Vere vere artık devlete kalmadı, daha kötü günler bizi bekliyor…

Doğruya ne denir ki!

Kısır ve yararsız bir tartışmanın içinde boşa kürek çekiyoruz aslında…

Turizm ile birlikte ülkenin bütçe açıklarını kapatan, katma değer kazanan üniversite sektörünün sıkıntılarını gündeme getiren kimse yok!

Çoğu üniversitenin kaliteden, plan ve projeden uzak sözde eğitim stratejilerini şimdiye kadar hangi kurum masaya yatırdı…

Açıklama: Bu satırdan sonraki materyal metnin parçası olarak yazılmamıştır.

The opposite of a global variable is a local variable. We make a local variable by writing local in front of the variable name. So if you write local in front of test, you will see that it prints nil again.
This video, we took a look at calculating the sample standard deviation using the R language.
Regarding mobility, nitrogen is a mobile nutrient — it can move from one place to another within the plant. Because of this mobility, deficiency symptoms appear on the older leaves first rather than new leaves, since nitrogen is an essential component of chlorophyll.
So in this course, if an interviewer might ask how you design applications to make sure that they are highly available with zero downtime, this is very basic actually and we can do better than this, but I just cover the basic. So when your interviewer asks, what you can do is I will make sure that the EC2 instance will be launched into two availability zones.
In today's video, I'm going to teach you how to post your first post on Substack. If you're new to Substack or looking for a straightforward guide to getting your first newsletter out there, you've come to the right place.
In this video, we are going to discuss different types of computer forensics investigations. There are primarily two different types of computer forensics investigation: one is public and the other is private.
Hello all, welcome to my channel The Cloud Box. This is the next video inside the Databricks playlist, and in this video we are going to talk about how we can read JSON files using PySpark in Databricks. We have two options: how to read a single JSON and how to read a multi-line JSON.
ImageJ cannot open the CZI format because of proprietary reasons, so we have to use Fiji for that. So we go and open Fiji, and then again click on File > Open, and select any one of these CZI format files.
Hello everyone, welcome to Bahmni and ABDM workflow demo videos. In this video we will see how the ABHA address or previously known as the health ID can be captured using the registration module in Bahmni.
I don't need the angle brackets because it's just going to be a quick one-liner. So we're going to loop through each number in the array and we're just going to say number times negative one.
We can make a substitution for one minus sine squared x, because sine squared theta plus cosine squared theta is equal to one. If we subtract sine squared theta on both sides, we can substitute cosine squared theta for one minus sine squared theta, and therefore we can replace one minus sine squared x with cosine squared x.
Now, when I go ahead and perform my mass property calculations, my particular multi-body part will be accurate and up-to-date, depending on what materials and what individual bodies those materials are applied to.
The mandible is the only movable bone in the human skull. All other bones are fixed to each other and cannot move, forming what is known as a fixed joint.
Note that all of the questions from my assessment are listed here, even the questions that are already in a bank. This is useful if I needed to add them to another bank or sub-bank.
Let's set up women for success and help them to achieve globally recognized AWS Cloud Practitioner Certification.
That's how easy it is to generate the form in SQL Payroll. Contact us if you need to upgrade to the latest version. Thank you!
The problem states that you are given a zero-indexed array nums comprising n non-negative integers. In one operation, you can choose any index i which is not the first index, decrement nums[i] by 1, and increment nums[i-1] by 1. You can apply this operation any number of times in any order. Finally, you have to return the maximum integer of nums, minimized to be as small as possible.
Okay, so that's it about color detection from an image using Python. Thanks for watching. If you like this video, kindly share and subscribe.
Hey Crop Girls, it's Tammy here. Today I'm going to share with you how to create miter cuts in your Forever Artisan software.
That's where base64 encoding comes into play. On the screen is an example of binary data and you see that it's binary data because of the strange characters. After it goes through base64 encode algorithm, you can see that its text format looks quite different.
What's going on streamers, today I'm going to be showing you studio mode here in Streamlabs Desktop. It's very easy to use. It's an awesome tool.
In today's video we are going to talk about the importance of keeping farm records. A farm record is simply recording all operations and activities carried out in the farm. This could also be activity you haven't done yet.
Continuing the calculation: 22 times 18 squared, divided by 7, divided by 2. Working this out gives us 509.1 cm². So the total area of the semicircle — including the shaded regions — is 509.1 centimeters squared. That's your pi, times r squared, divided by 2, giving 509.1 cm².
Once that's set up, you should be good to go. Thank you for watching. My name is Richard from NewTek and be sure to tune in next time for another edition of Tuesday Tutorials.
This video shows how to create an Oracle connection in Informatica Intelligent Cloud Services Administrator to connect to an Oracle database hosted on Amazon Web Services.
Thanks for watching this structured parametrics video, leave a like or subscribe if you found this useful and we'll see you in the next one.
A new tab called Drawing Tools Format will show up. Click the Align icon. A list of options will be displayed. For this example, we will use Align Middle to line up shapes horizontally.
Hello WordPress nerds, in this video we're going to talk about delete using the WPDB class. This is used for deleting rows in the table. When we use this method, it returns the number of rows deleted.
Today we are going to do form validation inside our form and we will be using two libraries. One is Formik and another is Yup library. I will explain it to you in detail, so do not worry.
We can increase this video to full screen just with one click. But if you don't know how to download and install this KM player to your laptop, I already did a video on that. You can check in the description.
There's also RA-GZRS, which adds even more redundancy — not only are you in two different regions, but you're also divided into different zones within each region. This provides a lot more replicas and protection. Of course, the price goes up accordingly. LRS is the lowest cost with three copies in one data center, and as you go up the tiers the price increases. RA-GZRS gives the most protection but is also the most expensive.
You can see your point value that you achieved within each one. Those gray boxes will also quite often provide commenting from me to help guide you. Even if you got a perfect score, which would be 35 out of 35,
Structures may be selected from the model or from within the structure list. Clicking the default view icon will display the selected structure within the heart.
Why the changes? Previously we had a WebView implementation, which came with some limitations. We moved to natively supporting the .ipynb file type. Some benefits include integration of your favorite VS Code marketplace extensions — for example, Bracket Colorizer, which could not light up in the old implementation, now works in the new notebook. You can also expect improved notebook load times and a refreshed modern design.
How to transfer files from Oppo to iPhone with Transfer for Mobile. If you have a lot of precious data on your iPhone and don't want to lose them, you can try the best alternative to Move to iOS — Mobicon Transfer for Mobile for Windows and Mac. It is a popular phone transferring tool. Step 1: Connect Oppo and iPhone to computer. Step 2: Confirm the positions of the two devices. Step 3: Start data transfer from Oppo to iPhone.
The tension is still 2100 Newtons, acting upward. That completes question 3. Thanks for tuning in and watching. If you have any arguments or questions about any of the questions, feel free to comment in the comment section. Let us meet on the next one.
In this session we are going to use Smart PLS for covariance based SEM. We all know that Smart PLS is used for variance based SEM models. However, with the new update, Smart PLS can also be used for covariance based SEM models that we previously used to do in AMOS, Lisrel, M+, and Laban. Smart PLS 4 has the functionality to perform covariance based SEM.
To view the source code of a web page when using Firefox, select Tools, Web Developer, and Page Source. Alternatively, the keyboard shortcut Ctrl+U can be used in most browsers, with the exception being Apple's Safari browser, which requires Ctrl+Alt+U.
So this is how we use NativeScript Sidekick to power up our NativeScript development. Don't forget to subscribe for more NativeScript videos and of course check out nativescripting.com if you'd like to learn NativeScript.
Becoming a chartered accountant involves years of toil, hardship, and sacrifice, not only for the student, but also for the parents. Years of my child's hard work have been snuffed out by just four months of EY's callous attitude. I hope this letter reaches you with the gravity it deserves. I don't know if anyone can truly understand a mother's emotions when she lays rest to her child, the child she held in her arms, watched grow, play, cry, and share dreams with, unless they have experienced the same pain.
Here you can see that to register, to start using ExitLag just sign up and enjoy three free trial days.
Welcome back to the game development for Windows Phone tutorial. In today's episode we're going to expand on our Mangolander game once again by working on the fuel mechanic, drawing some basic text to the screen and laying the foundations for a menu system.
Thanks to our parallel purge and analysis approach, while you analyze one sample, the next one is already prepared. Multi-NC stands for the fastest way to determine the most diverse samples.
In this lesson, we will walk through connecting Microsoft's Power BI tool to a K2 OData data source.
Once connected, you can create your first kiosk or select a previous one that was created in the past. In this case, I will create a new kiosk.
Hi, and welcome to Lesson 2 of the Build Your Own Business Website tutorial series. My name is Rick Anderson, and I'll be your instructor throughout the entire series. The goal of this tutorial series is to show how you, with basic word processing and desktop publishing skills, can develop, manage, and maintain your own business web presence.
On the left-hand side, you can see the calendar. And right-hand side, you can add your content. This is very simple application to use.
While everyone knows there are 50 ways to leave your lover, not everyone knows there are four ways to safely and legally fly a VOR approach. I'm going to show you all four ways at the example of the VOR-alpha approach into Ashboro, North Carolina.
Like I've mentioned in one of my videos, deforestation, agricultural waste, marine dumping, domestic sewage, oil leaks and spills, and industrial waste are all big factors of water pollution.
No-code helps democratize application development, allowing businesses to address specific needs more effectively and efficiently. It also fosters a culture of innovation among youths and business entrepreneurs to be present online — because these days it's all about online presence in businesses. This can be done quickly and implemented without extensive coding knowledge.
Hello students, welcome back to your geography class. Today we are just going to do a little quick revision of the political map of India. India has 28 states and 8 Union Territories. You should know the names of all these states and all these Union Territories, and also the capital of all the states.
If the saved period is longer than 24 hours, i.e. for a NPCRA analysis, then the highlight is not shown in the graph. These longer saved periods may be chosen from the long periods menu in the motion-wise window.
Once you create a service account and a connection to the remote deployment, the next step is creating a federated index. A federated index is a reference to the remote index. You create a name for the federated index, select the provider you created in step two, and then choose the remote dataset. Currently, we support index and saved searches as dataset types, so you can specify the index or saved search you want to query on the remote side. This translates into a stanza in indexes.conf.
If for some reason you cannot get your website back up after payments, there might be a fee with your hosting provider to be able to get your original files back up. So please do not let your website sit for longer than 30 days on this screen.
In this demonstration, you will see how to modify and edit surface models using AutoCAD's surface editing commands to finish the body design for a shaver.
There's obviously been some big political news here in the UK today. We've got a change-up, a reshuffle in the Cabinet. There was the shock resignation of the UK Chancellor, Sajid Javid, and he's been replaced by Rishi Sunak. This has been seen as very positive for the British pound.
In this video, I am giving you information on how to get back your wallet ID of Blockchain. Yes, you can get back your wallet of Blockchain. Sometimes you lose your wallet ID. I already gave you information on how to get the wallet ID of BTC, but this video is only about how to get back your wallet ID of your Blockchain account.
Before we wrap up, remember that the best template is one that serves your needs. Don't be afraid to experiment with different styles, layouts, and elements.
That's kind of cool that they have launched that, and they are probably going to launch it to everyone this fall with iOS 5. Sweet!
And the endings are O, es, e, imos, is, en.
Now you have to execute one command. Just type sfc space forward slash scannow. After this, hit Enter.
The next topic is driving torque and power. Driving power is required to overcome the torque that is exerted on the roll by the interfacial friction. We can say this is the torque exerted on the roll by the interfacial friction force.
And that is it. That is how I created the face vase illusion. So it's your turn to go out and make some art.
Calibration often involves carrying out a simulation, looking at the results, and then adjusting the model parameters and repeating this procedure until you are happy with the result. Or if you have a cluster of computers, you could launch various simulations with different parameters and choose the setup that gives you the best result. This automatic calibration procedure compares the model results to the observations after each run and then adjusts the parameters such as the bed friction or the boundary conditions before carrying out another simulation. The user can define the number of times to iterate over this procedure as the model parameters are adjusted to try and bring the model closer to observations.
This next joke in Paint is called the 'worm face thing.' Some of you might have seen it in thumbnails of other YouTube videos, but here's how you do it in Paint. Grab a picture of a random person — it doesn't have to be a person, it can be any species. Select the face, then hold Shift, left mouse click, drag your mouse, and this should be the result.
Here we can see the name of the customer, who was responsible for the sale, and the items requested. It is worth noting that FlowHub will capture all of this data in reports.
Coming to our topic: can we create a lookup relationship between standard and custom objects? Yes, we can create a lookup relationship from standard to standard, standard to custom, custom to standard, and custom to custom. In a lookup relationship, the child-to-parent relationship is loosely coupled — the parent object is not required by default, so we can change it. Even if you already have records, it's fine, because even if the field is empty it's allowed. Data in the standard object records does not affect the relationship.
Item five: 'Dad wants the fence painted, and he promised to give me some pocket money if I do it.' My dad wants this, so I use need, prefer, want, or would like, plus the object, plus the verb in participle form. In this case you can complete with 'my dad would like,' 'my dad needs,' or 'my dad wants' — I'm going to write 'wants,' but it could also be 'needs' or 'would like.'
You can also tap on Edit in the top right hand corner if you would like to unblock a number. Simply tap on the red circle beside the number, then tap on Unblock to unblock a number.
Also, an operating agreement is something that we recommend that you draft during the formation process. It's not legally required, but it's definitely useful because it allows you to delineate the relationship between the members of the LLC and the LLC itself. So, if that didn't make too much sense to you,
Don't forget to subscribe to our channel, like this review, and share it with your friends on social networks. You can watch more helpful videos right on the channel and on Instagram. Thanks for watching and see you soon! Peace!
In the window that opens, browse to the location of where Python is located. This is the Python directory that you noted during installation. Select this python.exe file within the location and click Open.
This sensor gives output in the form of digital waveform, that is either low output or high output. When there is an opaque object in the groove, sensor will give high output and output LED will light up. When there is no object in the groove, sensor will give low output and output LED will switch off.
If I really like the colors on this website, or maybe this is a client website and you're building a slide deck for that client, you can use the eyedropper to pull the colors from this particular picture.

Ar-Ge çalışmalarının olmayışını, bilim adına tek bir proje sunamadıklarını!

Öğrencilerin hala yolunacak kaç olarak görüldüklerini…

Burada yaşadıkları sorunları, kumar ve bet salonları batağındaki çırpınışlarını!

Telefonlarını satıp kumara yatırdıklarını…

Ve tabi ki parasızlıktan mecburen illegal işlere bulaşıp üç-beş kuruş kazanmak için geleceklerini kararttıklarını!

Bu şartlarda YÖDAK ve başkanını tartışsak kime ne tartışmasak yine kime ne…

“Hırsıza değer veren bir toplum…”

“Alın teri için gece gündüz demeden, 
kirli elleriyle, temiz kalbiyle metrelerce yüksekten düşüp ölen emekçi kardeşlerim,
sizin ölümünüz için kim üzülüyor bu topraklarda, kimler rahmet diliyor? Hiç kimse bir başsağlığı mesajı bile yayınlamıyor...
Ancak varsa birinin emeğini çalan bir hırsız, insanları kandıran bir dolandırıcı, bin kere suç işleyip bu ülkenin insanlarını yine bin kere kandıran ve ıslah olmayan bir suçlu, onun için methiyeler düzülüyor, açıklamalar yapılıyor.

Emeğe değer veren bir toplumdan, hırsıza, dolandırıcıya değer bir toplum haline dönüşmeyelim. Herkese rahmet dileyelim, merhamet edelim ancak suçu ve suçluyu olumlayan her açıklama geri kalmış bir toplum göstergesidir, bunu da unutmayalım.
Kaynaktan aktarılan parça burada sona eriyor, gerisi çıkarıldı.